Two businessmen, Latin American Bennie Reyes and Englishman Frank King, meet while sitting down to dinner in the restaurant of a Liverpool hotel, both turning out to be art dealers. However, the kitchen staff seemingly abandon them and so they go into the streets in search of a restaurant. However, each place they arrive at is either just closing or will not serve them. They become lost and their wanderings through the city on foot and local transit somehow take them to Rotterdam, Hong Kong, Tokyo and finally to the small desert town.

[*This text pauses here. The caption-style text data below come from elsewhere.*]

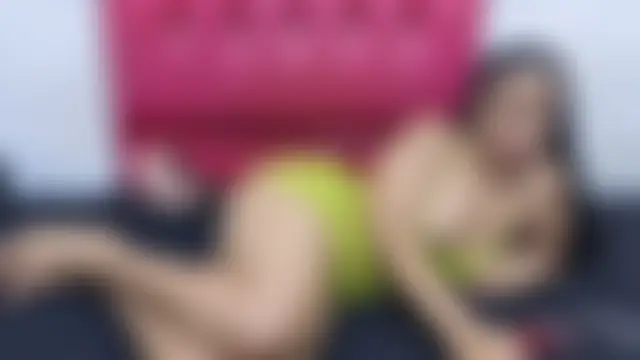 Show modela Sexyempress89 na web-kameri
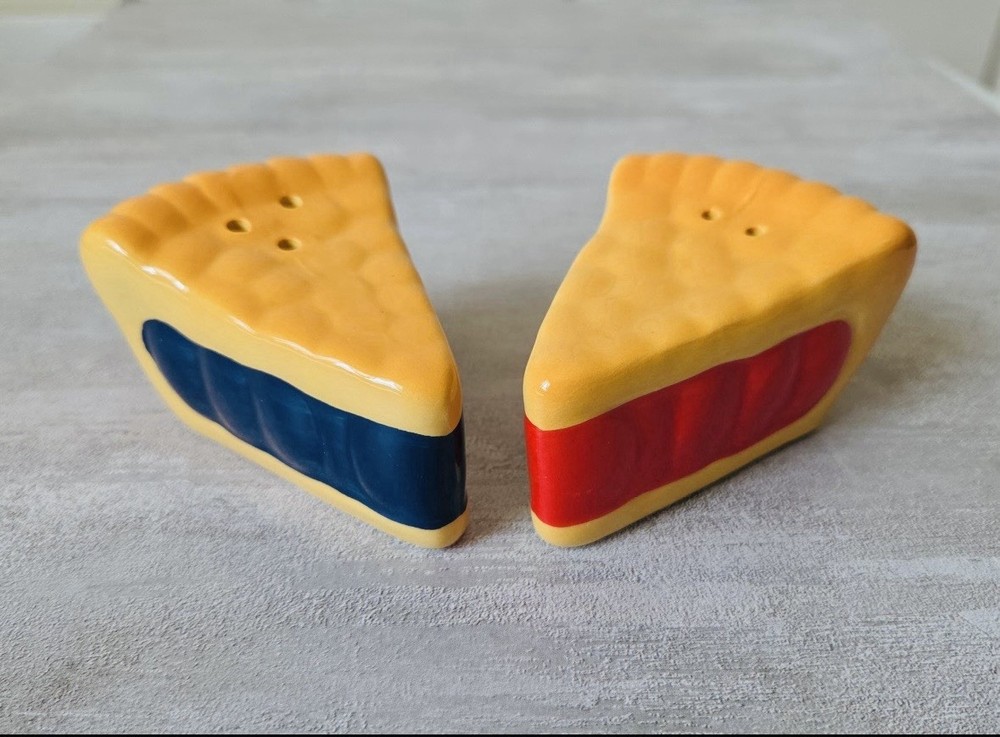 ❤️🤍💙New Ceramic American Pie Themed Salt & Pepper Shaker Set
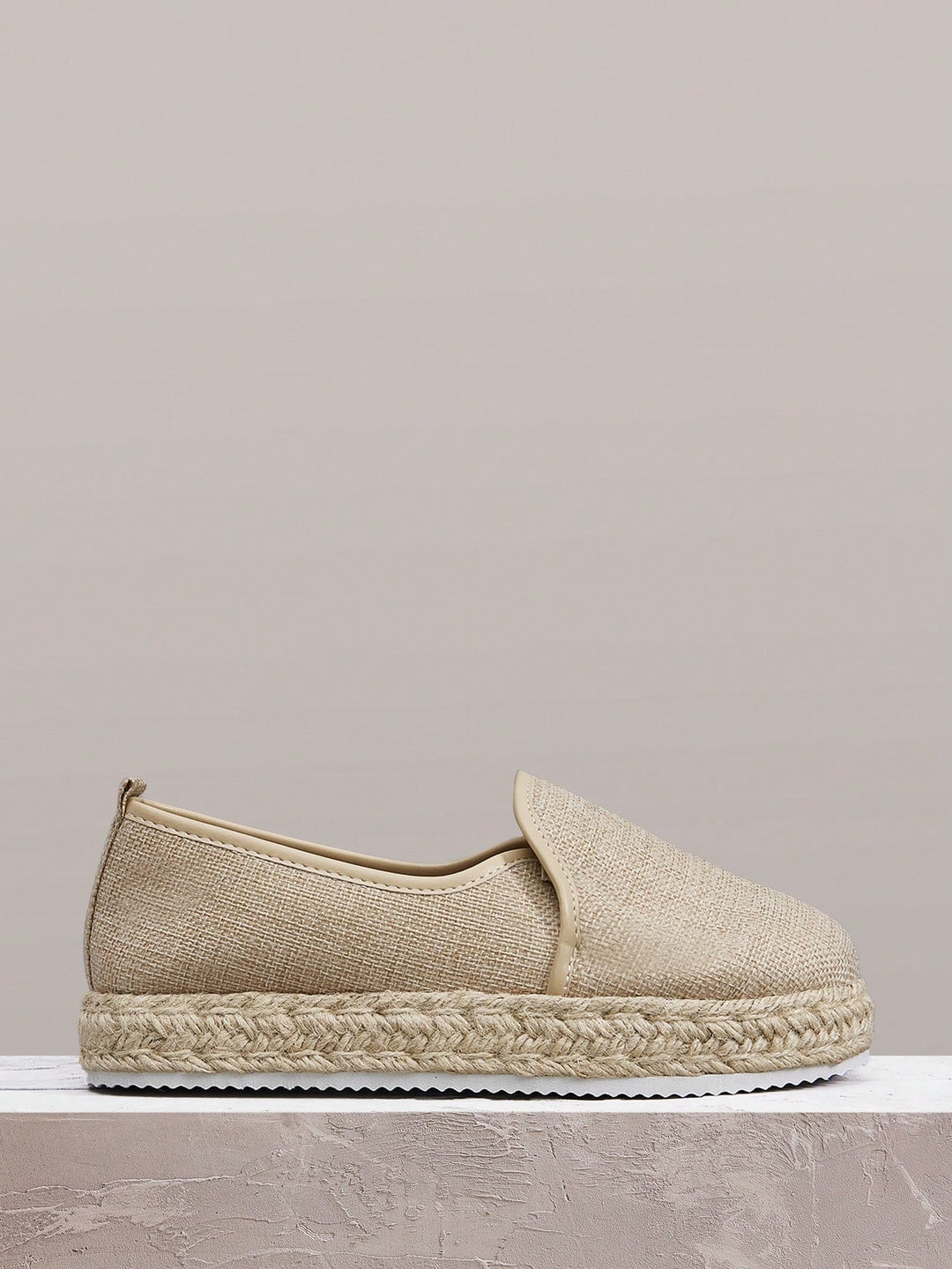Balerini SHEIN, kaki
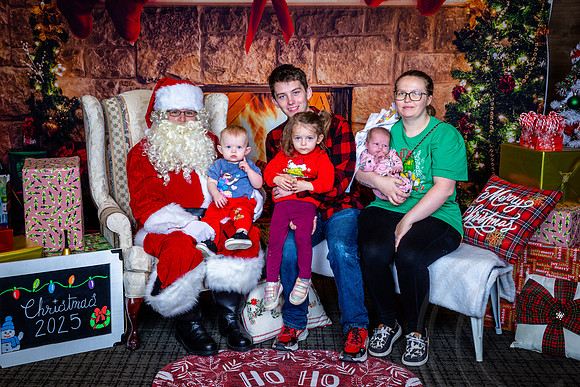BreakfastSantaGivaudan_2025_JimGormley_121325-9038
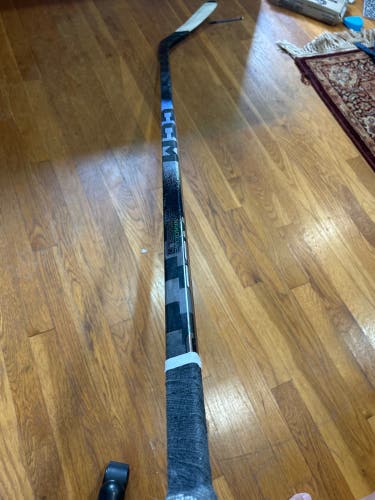 Senior CCM Ribcor Trigger 10 Pro Right Handed Hockey Stick P29+1/4 75 Flex (Used)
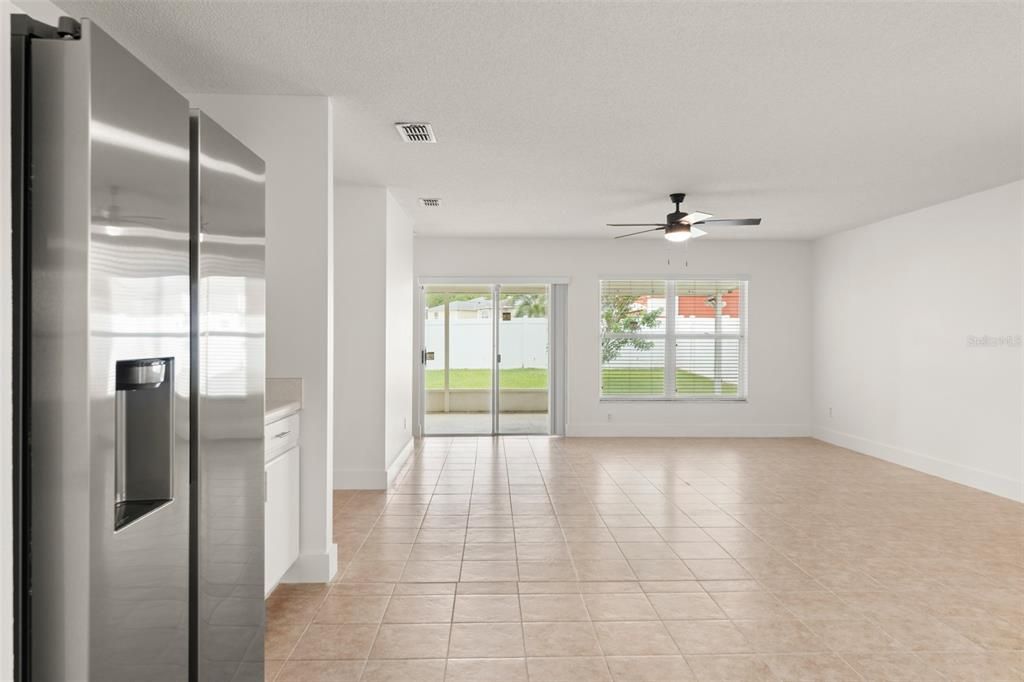 For Rent: $2,800 (4 beds, 2 baths, 1913 Square Feet)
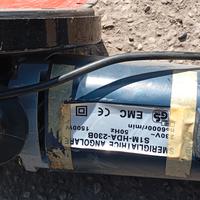 smerigliatrice angolare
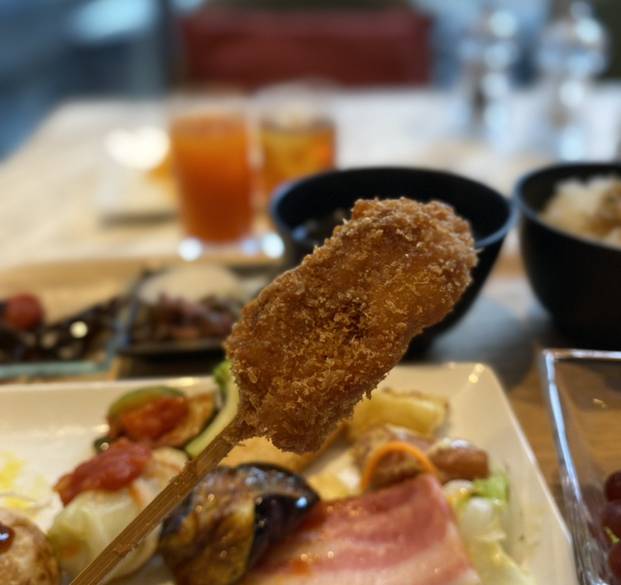大阪名物　たこ焼きや串カツ / 4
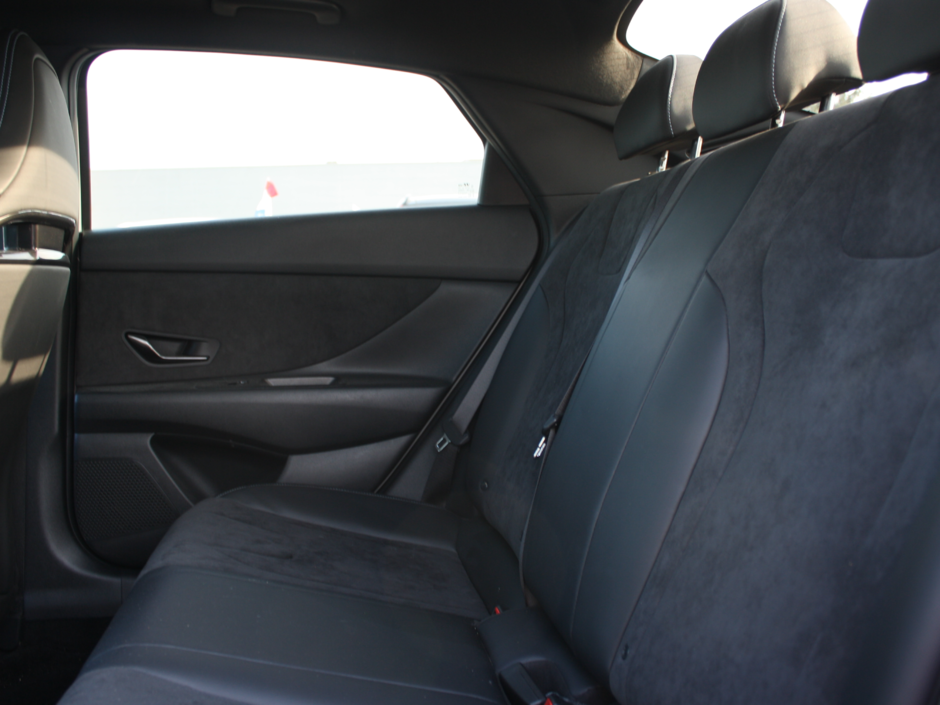 2023 Hyundai Elantra N Base-24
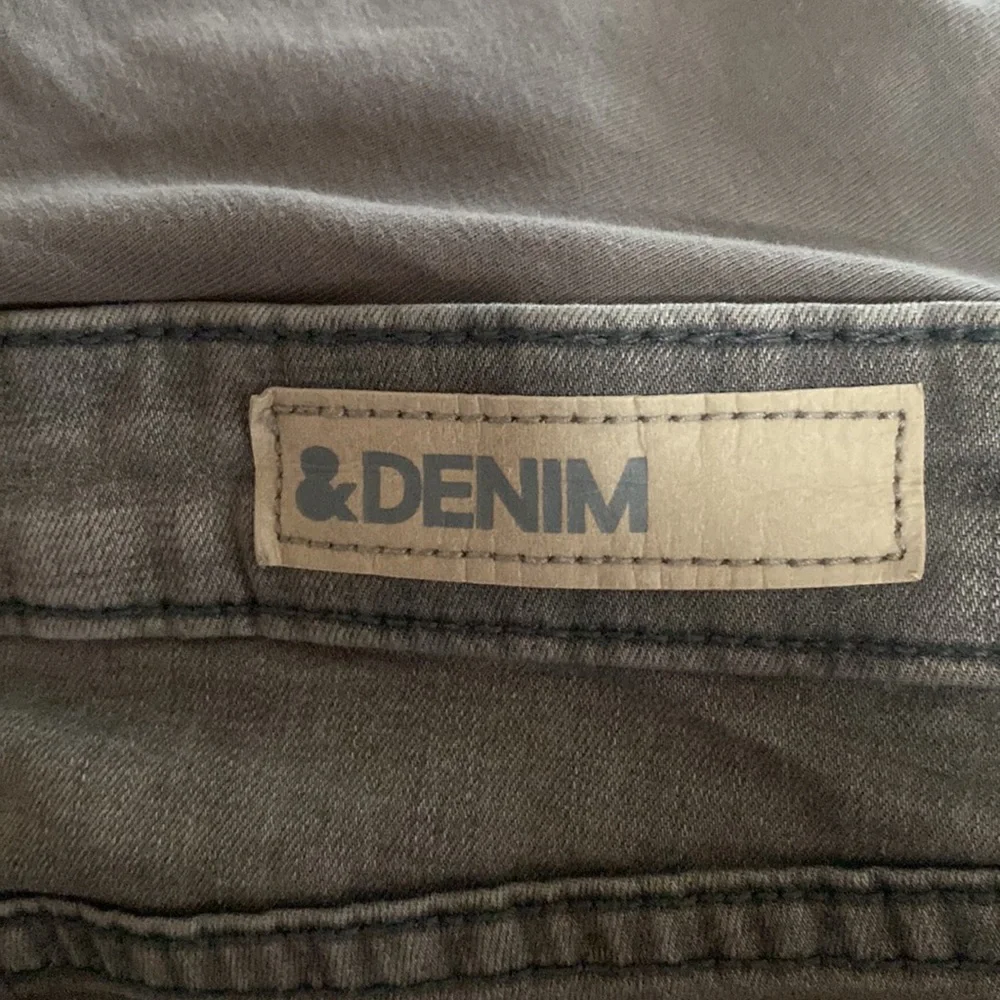 Maternity skinny jeans , black and gray. (One size 4, One size 6) - Picture 5 of 6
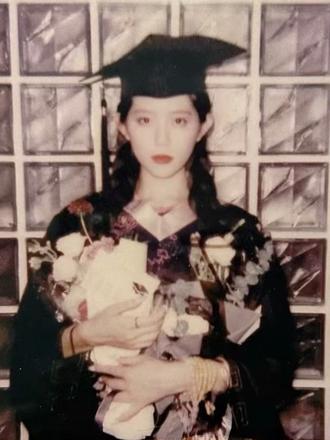 怎么样才能回到从前 因为毕业后丢过手机，好多图都是翻以前的笔记才找到的 边找边回忆，这大概就是照片的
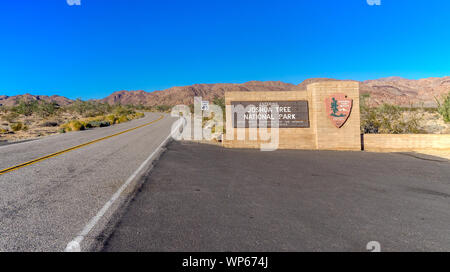 Panneau d'entrée à Joshua Tree National Park le 14 novembre 2015 en Californie. Le parc comprend la réunion du désert de Mojave et la Colorado eco Banque D'Images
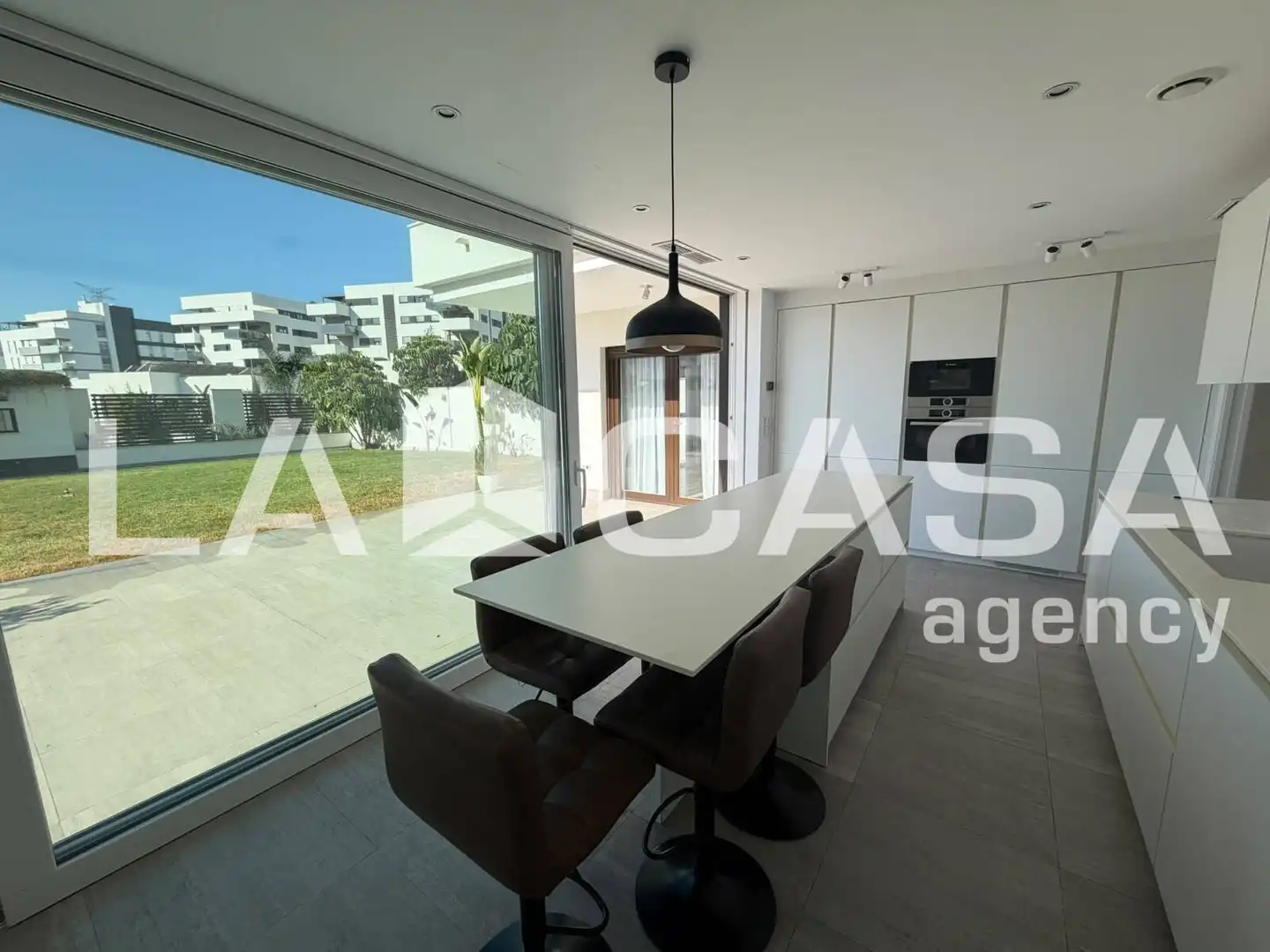 Semi-detached house for sale in Entrenúcleos, imagen 15
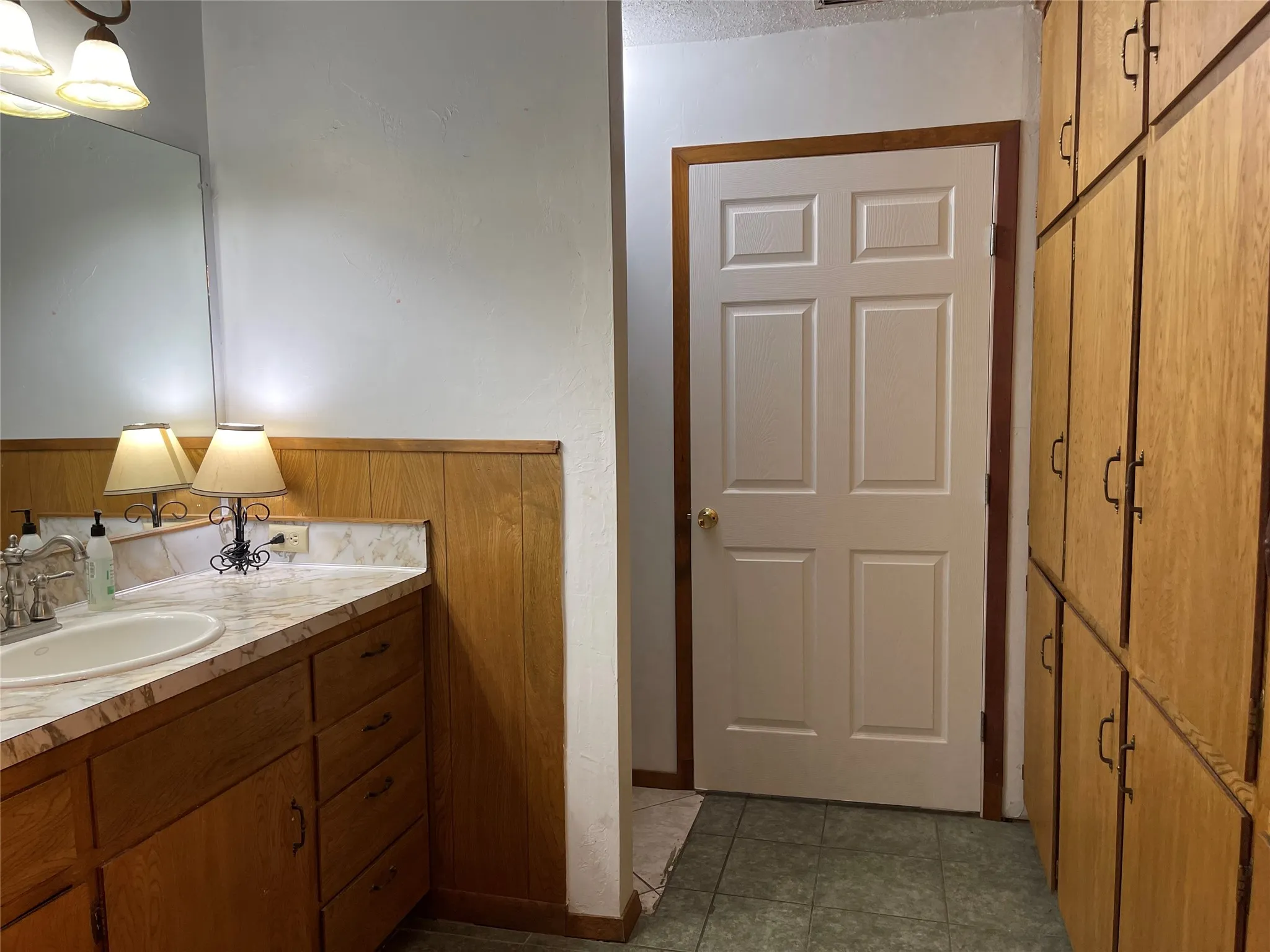 Single Family Residence For Sale in Freestone County , 403 N Hall Street, Fairfield, Texas 75840, 5 Bedrooms, 3 Bathrooms, 2 Garage spaces, 3,602 Sqft, built in 1975, Price $370,000, mls#21309375, Real Estate Agent in Fairfield, Homes For Sale in Freestone county, Homes For Sale in Fairfield, Realtor in Fairfield Texas, Real Estate Brokerage Independent Realty Texas, Luminita Cordes Realtor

Alex Cox once emerged with fresh and anarchic energy with the cult hit Repo Man (1984) and followed this with the acclaimed Sid and Nancy (1986), a biopic of Sex Pistol Sid Vicious. However, just when it seemed a major new indie talent had arrived, Alex Cox vanished from screens. Cox has made other films – Walker (1987), the quasi-surreal modern Spaghetti Western Straight to Hell (1987), The Winner (1996), The Highway Patrolman (1993), the Jorge Luis Borges adaptation Death and the Compass (1996), Revengers Tragedy (2002), Searchers 2.0 (2007), Repo Chick (2009) and Bill the Galactic Hero (2014) – and makes occasional appearances as an actor in other people’s films. Not even arthouse releasing circuits could find any interest in most of these to give them a cinematic release. Seen, it is clear why Cox has all but vanished – his films have become increasingly dreary and amateurish, crafted as obscure intellectual jokes that it feels like Cox is telling to himself. Missing from them is any of the rough and raw splendour of either Repo Man or Sid and Nancy.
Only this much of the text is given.